110 - Serial echocardiogram assessments of pulmonary hemodynamics and right ventricular hypertrophy in infant rats with experimental bronchopulmonary dysplasia due to antenatal endotoxin.

Poster Number: 110
Publication Number: 110.1936

Background: Pulmonary hypertension (PH) and related pulmonary vascular disease (PVD) in premature infants present profound challenges, including its pathogenesis and non-invasive characterization by echocardiogram (echo).

Objective: We sought to define serial changes in echo metrics of PH that best characterize the presence and progression of cardiopulmonary disease in a well-established rodent model of bronchopulmonary dysplasia and pulmonary hypertension (BPD-PH) induced by chorioamnionitis, which is characterized by reduced alveolarization and pulmonary vessel density and development of right ventricular hypertrophy (RVH) from birth to 14 days of age.

Design/Methods: Endotoxin (ETX, 10ug/sac) was administered to pregnant rats by intra-amniotic (IA) injection at embryonic day 20 (E20; term = E22) and pups were delivered by cesarean-section at E22. Transthoracic 2D and Doppler imaging were performed in spontaneously breathing rats using a VisualSonics Vevo 1100 ultrasound system. To quantify septal flattening, left ventricular eccentricity index (LV EI) at the end of systole was assessed at days 2, 4, 7, and 14. Pulmonary artery acceleration time (PAAT), pulmonary artery ejection time (PAET), PAAT adjusted by PAET (PAAT/PAET), and end-diastolic right ventricular wall thickness (RVWTd), were assessed at days 7 and 14. T-tests were performed for statistical significance.

Results: In comparison with the CTL group, the ETX group demonstrated an increase in LV EI at days 2, 4, 7, and 14 (p < 0.05). There were no significant differences in PAAT, PAET, PAAT/PAET, and RVWTd at day 7. At day 14, compared to CTL, ETX demonstrated an increase in PAET by 17.4 % (p < 0.01), RVWTd by 34.7% (p < 0.05), and a decrease in PAAT/PET ratio by 15.1% (p < 0.01). However, PAAT measurements were not different between study groups at day 14.
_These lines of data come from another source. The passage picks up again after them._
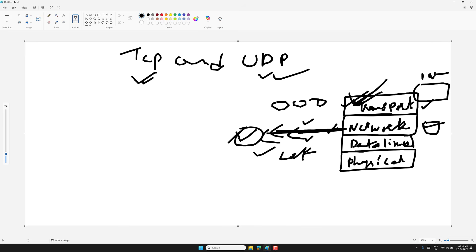So what is TCP? TCP stands for Transmission Control Protocol. TCP is like the perfectionist of the transport layer — its main goal is to make sure every single bit of data you send arrives correctly, in order, and without errors. If you are sending critical information like a password, a bank transaction, or an email, TCP is your go-to protocol.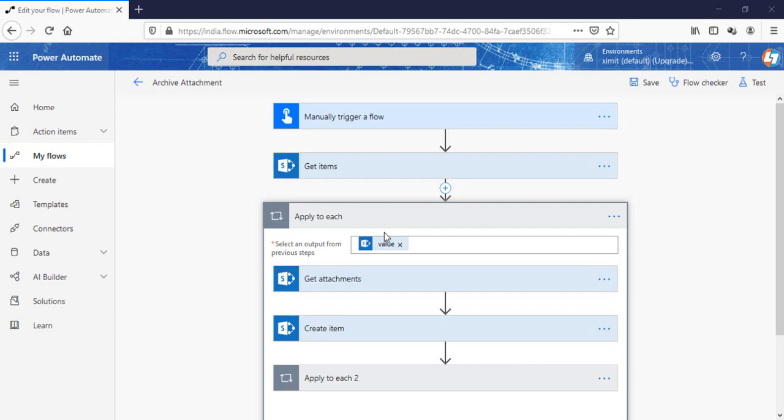Welcome back to the channel everyone. This video is for you if you're not able to copy more than 100 items from one list to another list in SharePoint Online using MS Flow. Generally what happens when you try to copy or archive data from one list to another, we try to copy a large number of data from one list to another list.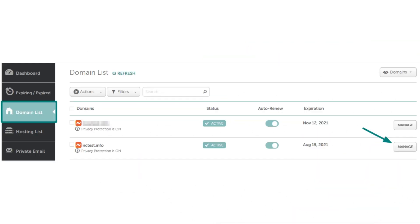When you create a store on Shopify, it can be accessed via Shopify domain by default. It's also possible to make your store accessible via a domain name that you have registered with Namecheap.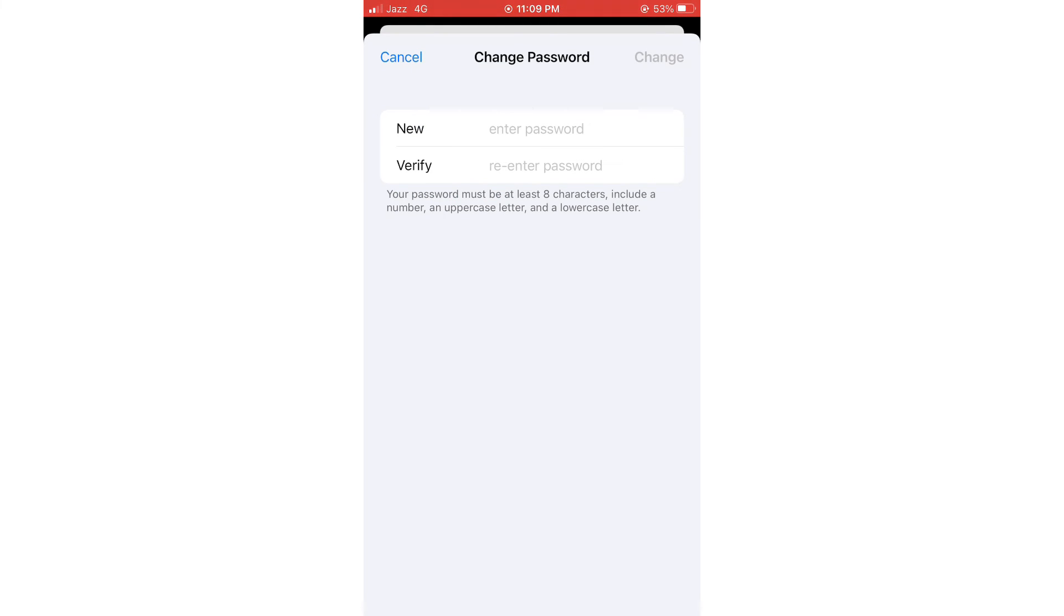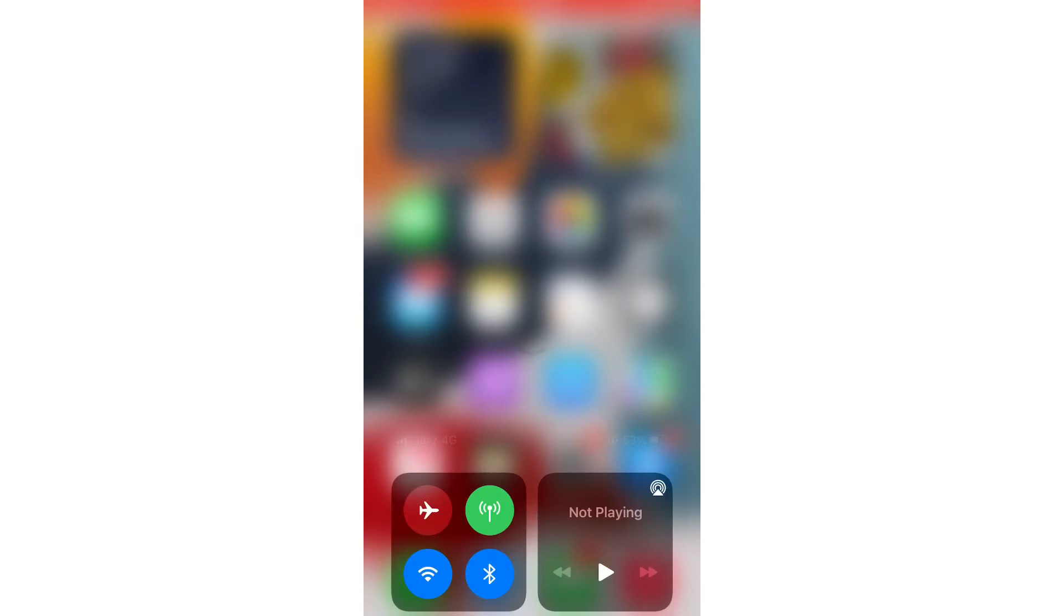And here you can change your password. After you change your password, I hope this video was helpful for you. Don't forget to like and subscribe to my YouTube channel. If you need any help about iPhone, you can comment below. Thanks for watching my video. Take care and bye.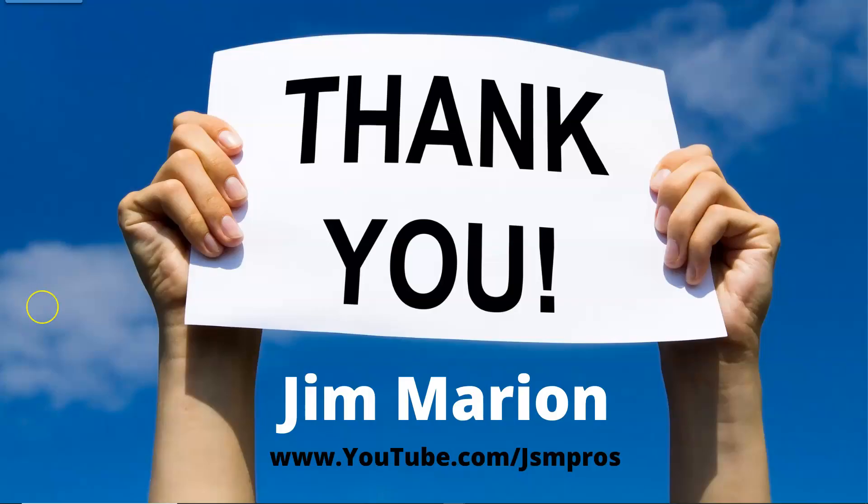I know, making videos is not an easy task. I want to personally appreciate Jim Marion for putting valuable content for free and educating us in PeopleSoft. Guys, feel free to check out his YouTube channel. If you learned something new, a tip or trick from Jim, please share it in the comments section below. It might help someone.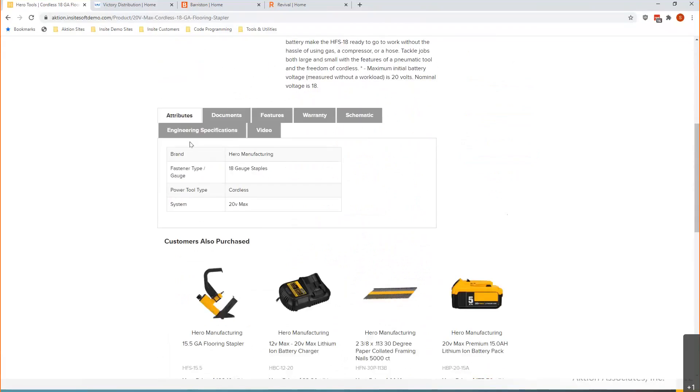you'll notice I've got some specifications tabs here. These are what I call configurable and customizable, meaning that I can have as many of these tabs as I want. I can add to them, and then I get to format them or customize them in the way I want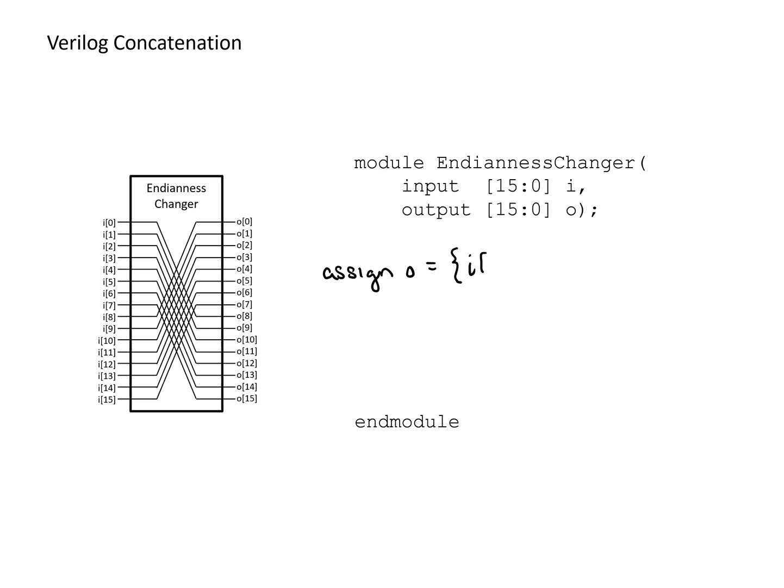So we're going to make the top bits of the output equal to the lowest bits of I. And we're going to make the lowest bits of O equal to the highest bits of I. And there we've achieved this in a single line of code.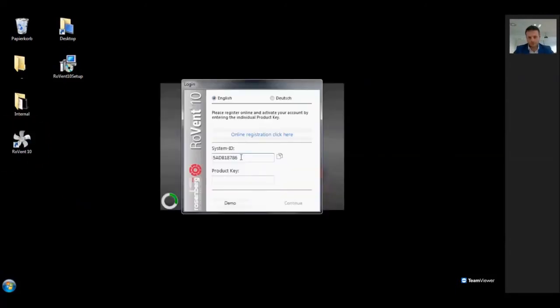This is the registration window. In RORAN10, every user has to register online, so we will have a common database with all RORAN10 users worldwide. After the registration you will get your personal product key via email. This key is related to your hardware.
Conclusion(s): Antenatal ETX exposure increased echo metrics of PH in infant rats during the first 2 postnatal weeks. Early changes in LV EI were statistically significant at days 2, 4, 7, and 14. PAAT/PAET, and RVWTd were different at day 14, but not at day 7, suggesting progression of disease. We speculate that echo is a valuable noninvasive tool to longitudinally study mechanisms underlying the temporal progression of cardiopulmonary disease and to phenotype pulmonary hemodynamics in experimental BPD-PH. These findings further suggest that LV EI precedes the increase in RVWT and may provide an early marker for PH among other traditional echo measurements and can characterize early changes to RV pressure load due to PVD in infant rats after antenatal inflammation.